Excerpts from a dataset
==============================
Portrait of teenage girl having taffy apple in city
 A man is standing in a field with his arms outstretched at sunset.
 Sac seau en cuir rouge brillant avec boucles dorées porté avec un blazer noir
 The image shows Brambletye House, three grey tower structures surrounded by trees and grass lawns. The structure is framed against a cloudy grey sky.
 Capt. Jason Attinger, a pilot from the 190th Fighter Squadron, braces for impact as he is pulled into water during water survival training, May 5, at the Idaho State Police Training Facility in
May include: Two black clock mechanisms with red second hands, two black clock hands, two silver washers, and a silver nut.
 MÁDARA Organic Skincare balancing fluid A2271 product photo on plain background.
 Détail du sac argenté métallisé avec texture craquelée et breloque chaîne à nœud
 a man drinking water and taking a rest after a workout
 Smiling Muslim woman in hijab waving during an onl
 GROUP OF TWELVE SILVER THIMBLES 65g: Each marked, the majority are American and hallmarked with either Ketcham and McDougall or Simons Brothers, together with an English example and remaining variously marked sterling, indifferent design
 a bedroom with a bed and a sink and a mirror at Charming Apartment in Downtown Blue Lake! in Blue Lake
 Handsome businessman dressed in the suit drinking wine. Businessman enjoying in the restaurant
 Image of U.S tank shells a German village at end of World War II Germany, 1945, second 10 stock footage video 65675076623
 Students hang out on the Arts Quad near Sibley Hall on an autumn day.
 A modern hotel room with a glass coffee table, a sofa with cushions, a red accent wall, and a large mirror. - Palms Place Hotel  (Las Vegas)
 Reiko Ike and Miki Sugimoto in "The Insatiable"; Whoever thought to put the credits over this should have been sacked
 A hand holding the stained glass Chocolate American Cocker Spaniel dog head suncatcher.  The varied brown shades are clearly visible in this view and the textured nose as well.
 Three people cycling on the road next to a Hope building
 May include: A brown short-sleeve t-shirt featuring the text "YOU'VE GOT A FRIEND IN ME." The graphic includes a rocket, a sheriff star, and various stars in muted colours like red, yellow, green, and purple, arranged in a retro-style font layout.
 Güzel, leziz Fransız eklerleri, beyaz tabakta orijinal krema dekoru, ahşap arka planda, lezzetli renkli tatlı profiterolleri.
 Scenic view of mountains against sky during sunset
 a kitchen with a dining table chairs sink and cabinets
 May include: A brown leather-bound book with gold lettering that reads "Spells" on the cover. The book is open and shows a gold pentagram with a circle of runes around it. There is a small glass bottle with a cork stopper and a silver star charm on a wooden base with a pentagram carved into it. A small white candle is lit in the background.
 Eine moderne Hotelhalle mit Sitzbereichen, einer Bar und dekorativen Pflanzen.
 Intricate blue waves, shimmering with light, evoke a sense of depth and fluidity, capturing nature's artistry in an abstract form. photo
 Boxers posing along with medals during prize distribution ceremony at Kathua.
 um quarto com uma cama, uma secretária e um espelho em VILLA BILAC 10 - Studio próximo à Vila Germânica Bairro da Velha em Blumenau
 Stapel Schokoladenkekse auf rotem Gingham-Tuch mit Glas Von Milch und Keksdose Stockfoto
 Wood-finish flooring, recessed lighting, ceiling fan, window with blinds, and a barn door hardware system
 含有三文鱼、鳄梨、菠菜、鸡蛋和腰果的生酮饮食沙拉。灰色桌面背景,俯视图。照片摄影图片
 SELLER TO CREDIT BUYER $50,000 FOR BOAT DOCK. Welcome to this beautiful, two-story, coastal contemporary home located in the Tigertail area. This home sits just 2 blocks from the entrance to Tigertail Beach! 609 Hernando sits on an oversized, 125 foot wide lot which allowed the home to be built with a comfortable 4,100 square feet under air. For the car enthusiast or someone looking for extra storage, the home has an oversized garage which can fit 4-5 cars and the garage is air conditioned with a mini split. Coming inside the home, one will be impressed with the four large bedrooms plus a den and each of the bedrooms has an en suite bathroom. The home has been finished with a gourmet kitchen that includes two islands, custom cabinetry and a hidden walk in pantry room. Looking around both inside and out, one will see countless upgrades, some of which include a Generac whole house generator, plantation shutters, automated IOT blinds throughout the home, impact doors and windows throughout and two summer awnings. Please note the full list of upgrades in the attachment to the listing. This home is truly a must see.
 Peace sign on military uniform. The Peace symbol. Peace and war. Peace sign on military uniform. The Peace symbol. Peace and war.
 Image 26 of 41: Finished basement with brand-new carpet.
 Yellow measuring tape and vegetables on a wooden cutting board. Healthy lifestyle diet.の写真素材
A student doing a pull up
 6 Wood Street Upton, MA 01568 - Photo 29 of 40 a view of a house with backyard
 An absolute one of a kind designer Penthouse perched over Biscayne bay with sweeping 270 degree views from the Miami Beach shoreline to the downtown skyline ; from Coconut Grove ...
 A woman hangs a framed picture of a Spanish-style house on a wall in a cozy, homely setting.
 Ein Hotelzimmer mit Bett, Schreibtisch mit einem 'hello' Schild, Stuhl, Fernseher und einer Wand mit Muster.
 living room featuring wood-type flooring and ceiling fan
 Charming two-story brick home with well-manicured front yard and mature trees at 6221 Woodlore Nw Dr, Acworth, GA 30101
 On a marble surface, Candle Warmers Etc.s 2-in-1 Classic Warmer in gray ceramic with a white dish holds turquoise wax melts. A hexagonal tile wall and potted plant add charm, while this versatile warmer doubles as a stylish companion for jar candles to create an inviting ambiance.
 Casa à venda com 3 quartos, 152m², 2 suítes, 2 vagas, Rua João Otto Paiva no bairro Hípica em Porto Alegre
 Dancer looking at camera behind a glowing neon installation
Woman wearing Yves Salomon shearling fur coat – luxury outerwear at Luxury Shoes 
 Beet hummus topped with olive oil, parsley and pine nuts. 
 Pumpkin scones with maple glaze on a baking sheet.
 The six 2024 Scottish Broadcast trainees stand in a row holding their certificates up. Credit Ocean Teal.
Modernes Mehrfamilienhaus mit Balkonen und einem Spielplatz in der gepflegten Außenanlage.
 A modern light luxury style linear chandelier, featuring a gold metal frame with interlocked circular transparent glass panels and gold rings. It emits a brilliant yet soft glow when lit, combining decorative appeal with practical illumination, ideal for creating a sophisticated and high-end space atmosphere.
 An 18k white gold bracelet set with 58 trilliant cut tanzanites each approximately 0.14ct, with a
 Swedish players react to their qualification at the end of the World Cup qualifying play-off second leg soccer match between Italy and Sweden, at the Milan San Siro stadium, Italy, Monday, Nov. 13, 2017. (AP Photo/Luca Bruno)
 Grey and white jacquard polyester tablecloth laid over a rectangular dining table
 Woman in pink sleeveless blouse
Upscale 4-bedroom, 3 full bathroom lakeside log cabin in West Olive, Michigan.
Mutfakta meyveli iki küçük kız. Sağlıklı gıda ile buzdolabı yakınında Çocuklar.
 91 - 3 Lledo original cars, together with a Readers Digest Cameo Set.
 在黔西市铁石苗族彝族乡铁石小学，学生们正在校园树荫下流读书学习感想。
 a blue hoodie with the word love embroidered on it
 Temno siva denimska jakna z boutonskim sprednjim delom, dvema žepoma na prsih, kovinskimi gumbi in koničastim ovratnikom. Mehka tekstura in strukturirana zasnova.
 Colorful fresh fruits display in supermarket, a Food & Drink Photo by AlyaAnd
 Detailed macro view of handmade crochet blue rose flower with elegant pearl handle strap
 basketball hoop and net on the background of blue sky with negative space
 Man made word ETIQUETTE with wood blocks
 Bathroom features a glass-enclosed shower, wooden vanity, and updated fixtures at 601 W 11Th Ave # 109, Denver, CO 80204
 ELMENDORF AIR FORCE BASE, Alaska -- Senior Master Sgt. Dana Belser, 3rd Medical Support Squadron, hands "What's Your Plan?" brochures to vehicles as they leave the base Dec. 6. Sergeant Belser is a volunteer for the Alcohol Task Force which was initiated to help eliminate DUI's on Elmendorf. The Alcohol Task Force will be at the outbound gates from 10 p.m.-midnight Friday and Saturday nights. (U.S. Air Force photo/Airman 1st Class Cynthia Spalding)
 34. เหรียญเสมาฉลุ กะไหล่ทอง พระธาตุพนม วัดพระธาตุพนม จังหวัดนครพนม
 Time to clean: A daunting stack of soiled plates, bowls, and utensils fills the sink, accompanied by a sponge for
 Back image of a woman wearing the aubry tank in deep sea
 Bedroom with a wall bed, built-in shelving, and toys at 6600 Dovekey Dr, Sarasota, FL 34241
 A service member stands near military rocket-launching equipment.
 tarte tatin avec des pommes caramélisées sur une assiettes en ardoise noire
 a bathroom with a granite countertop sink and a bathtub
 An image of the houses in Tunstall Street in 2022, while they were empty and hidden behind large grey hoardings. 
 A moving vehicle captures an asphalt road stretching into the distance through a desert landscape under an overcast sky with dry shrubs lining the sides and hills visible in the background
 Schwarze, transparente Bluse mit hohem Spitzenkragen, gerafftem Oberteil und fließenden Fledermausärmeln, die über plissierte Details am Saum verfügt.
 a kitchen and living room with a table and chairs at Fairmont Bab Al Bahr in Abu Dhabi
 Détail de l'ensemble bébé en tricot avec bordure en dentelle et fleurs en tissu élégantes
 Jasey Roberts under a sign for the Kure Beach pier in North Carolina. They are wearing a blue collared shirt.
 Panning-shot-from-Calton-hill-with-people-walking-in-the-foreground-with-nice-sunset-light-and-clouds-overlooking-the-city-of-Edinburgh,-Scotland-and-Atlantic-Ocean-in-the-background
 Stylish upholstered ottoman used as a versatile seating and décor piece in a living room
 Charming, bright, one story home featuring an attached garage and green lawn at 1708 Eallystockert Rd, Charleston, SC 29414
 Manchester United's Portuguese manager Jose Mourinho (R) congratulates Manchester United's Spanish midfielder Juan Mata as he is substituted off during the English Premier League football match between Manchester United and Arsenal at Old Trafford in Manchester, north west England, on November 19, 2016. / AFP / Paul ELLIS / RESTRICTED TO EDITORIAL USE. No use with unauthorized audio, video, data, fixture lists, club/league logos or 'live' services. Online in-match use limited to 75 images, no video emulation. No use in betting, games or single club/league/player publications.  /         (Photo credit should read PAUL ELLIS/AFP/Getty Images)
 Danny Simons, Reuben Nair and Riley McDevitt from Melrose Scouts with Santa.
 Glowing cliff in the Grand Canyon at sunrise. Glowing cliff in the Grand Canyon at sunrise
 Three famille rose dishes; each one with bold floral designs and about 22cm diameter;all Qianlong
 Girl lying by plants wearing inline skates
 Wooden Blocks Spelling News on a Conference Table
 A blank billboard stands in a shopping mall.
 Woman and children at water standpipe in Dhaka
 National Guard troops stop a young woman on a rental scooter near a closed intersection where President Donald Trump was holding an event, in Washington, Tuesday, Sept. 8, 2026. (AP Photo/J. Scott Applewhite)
==============================
Find and copy each line above that includes the string "word".

**RESPONSE TO THIS EXERCISE**
 a blue hoodie with the word love embroidered on it
 Man made word ETIQUETTE with wood blocks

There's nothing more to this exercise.